* [Description of the task] Look through the material below. Return exactly the lines from the one with "Preview for 13" through the one with "OMNIRES - MARINA", both included.

* [The input]

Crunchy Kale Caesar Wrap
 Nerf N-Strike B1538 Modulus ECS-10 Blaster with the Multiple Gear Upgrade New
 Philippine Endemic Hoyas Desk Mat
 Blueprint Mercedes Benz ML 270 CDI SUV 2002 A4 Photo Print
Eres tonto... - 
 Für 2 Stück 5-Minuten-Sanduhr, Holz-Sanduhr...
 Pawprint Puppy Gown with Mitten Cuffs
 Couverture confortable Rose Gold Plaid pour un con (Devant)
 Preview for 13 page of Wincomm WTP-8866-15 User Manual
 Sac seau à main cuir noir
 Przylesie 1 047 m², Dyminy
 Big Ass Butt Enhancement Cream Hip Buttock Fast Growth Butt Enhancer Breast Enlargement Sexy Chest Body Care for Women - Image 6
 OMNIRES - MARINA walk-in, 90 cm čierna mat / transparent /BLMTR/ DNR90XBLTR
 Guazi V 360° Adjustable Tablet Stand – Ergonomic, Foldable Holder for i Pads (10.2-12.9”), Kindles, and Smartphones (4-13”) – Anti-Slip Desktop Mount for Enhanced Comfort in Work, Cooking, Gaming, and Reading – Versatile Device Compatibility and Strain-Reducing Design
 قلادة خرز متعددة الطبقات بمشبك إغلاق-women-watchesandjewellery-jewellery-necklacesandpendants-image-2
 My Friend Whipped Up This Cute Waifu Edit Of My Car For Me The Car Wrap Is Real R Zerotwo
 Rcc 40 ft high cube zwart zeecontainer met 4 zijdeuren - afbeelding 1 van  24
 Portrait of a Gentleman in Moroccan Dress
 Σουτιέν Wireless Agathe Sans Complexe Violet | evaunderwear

* [Result for this task]
 Preview for 13 page of Wincomm WTP-8866-15 User Manual
 Sac seau à main cuir noir
 Przylesie 1 047 m², Dyminy
 Big Ass Butt Enhancement Cream Hip Buttock Fast Growth Butt Enhancer Breast Enlargement Sexy Chest Body Care for Women - Image 6
 OMNIRES - MARINA walk-in, 90 cm čierna mat / transparent /BLMTR/ DNR90XBLTR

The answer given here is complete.